Fog, Don Delillo’s White Noise, and Clarity

Morning. About 8:30. We were in my truck. I was driving. My son was in the front seat beside me. No one else was with us. I drove slowly—very slowly—because of the fog. Thick and dense fail to describe sufficiently that fog. I don’t remember fog that formidable before. The irony is that it was in the fog I saw something clearly. The fog had not just descended upon us; it had taken over. We were its captives. Follow me.

My son was on his phone. He was streaming YouTube videos of piano riffs he likes. After he watched one several times, he said, “Dad, look at this,” and brought his phone towards me. “Goob, I can’t right now. I’m driving.” And he watched the video again and narrated what he thought of as the highlights.

I had spent the week before that morning reading the novel White Noise by American literary fiction writer Don Delillo. It was my first time reading this novel despite its reputation as one of the most influential books of the 20th century. Underworld and Libra are probably the other two of Delillo’s novels that have earned the most critical attention.

Technology affords countless luxuries, for sure. Obviously, I use the internet like millions of others do. However, I am not alone in thinking that we have forfeited something in that exchange. Because we can use the search engine of our choice, if we have a question or just want to get lost in entertainment, we can browse for it online. No matter how inane, insipid, vile, etc. we can find it. There is no end to the distractions. If distraction is your aim, the internet is your weapon.

But there are a few of us who engage in an antiquated means of understanding the world: we read. As some nowadays quip, it’s the old-school way. You know, books. Actual bindings with stories of boys like Tom Sawyer and Huckleberry Finn; women like Elizabeth Bennet and Tess and Lady Macbeth; killers like Raskolnikov and Anton Chigurh.

But now we have YouTube and countless other means of distracting ourselves, and we can use these to such a degree that we lose the ability to see, to think, to use our imaginations, to dwell upon the deep things of life that enrich us by way of reading.

I am not blind to the irony: I am using the internet to partly write about the dangers of the internet. But my goal is not to be legalistic here, only to suggest that if we as a culture forego and forsake reading deeply–if we think that surfing the Web is learning, we have lost a lot. Which brings me back around to the fog.

As my son and I descended from our house onto a state highway, the fog had not thinned at all. We could see only a few feet beyond my front bumper. It was so captivating, my son even remarked, “Dad, I need to take a picture of this.” And he did. He used the same phone he was using to formerly watch YouTube videos of piano riffs. But he had noticed something out there—something that he and I were experiencing together that didn’t involve the internet or a video. We were seeing life unfiltered. We were descending the mountain; we were bathed in fog; it was ghostly and ethereal; it was like, well, something from a book. It was like what Delillo was aiming at in White Noise.

It was a moment where I realized that sometimes the most meaningful moments of our lives are not dependent upon the Web. This one came as I drove slowly in the morning fog, a novel about the costs of distraction and the emptiness and shallowness of contemporary life in the back of my mind. My headlights were two white lances laboring to slash through the fog. But my boy noticed. He noticed. He saw the beauty, felt the mystery, lived for a few moments without the artifice of a video.
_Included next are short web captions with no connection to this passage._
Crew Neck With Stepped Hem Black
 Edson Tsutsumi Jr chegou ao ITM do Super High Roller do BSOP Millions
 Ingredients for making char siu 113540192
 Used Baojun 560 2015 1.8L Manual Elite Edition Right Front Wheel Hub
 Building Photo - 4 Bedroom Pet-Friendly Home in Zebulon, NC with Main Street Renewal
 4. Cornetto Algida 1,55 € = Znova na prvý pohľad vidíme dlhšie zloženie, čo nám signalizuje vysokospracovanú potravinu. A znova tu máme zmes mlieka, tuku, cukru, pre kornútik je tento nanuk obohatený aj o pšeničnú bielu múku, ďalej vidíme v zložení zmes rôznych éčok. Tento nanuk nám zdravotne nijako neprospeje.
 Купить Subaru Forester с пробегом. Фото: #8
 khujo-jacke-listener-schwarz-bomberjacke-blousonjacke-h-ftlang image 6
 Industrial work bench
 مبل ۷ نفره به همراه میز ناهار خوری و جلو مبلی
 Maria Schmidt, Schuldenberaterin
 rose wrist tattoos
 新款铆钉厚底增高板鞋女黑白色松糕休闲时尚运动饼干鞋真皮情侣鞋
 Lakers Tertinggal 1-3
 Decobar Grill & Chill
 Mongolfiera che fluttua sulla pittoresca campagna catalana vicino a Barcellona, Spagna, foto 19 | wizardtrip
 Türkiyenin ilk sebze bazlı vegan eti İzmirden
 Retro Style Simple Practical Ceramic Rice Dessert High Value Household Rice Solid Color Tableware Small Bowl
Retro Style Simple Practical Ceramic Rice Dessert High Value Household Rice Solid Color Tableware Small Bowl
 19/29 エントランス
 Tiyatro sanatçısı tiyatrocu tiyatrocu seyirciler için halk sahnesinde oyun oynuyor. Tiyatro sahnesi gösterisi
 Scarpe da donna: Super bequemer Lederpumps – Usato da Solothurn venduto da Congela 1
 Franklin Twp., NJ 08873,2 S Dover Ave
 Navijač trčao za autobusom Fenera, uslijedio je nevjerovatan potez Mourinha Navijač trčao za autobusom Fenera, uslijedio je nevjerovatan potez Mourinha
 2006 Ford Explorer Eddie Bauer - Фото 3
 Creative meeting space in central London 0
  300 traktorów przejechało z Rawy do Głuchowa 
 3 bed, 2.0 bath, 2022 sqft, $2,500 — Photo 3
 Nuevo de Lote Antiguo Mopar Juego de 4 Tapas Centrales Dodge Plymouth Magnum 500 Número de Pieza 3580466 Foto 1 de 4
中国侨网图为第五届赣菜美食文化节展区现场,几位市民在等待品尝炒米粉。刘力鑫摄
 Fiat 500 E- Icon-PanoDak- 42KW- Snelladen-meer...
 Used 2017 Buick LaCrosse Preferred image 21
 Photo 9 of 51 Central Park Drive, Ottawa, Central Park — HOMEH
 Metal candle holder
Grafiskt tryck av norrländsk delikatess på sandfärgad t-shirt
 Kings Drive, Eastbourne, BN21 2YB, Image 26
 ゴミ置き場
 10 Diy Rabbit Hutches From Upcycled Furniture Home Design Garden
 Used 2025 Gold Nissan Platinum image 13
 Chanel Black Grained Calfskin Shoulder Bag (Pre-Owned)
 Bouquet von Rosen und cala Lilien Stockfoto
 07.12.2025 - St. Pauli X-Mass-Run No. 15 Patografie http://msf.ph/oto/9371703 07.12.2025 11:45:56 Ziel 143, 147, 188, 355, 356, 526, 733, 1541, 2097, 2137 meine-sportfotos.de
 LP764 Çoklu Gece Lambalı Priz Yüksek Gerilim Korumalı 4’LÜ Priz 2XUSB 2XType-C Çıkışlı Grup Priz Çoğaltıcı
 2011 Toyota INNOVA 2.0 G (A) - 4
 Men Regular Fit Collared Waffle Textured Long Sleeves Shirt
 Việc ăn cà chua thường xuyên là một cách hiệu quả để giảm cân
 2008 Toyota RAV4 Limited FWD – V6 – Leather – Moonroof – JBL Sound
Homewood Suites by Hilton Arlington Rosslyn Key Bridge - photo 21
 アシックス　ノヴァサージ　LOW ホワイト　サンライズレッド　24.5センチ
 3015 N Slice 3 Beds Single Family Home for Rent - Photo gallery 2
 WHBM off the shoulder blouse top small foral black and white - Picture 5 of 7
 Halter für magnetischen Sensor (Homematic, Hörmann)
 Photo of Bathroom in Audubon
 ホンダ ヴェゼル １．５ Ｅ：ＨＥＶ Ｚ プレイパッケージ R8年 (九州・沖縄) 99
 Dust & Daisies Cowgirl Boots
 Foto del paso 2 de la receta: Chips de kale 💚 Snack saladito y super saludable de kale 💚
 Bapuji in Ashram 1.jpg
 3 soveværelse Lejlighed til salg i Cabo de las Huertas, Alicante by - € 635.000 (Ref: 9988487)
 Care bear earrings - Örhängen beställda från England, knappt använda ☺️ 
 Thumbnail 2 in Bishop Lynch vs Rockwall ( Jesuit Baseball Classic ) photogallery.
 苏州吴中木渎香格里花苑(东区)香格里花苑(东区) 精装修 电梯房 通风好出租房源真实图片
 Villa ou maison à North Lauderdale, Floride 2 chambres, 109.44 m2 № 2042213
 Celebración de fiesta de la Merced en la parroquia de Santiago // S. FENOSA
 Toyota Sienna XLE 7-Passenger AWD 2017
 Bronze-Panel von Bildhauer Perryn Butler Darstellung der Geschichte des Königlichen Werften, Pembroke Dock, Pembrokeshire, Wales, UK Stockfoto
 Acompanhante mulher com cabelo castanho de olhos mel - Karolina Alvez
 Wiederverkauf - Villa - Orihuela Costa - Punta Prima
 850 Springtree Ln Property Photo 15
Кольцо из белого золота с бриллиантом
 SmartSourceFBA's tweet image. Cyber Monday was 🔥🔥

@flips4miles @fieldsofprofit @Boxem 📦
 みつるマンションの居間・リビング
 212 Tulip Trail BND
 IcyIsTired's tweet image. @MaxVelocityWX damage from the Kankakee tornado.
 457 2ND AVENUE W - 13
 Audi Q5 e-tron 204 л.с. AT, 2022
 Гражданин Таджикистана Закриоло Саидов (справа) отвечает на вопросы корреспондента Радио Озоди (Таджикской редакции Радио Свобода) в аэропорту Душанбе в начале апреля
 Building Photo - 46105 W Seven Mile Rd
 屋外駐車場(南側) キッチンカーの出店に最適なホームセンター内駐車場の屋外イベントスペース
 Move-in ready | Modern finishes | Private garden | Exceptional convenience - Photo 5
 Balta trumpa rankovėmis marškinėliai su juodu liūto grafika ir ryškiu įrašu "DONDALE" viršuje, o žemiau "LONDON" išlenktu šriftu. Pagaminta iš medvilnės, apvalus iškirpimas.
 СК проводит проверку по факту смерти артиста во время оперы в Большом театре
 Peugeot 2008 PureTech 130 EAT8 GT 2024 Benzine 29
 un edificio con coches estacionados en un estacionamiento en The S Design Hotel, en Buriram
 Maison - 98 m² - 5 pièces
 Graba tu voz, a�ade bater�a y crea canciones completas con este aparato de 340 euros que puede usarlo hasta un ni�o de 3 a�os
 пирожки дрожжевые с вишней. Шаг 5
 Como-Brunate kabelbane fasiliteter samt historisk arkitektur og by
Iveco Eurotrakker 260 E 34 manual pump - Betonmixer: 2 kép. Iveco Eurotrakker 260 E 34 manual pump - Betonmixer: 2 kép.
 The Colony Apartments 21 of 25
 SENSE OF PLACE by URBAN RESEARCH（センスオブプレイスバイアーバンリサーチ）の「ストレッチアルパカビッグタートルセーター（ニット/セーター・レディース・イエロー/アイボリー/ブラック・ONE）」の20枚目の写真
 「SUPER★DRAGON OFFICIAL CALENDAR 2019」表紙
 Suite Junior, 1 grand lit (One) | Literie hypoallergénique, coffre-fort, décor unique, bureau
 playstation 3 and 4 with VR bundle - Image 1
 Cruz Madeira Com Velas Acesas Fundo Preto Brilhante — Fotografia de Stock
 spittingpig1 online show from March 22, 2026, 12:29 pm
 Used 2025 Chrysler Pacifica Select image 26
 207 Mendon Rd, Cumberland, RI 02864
And yes, he took a picture. But it does not do that morning justice. I guess, in other words, you had to be there. It was so good, so important–well, it was like something you experience in a book. Because of the fog, I saw clearly what I think Delillo explores in White Noise. Because of the fog, my son and I both focused on the strangeness and mystery that fog engenders. Because of the fog, I saw my boy look up and out at the world and our place in it, instead of down at his phone. And I was glad that I had to drive slowly. I was thankful to be there. I was thankful that simple things like foggy mornings, driving through the hills, seeing a boy’s eyes register that this was not just a video to stream but a real moment to live—yes, it was like the beginning of a good story, when there’s fog, mystery, but then clarity.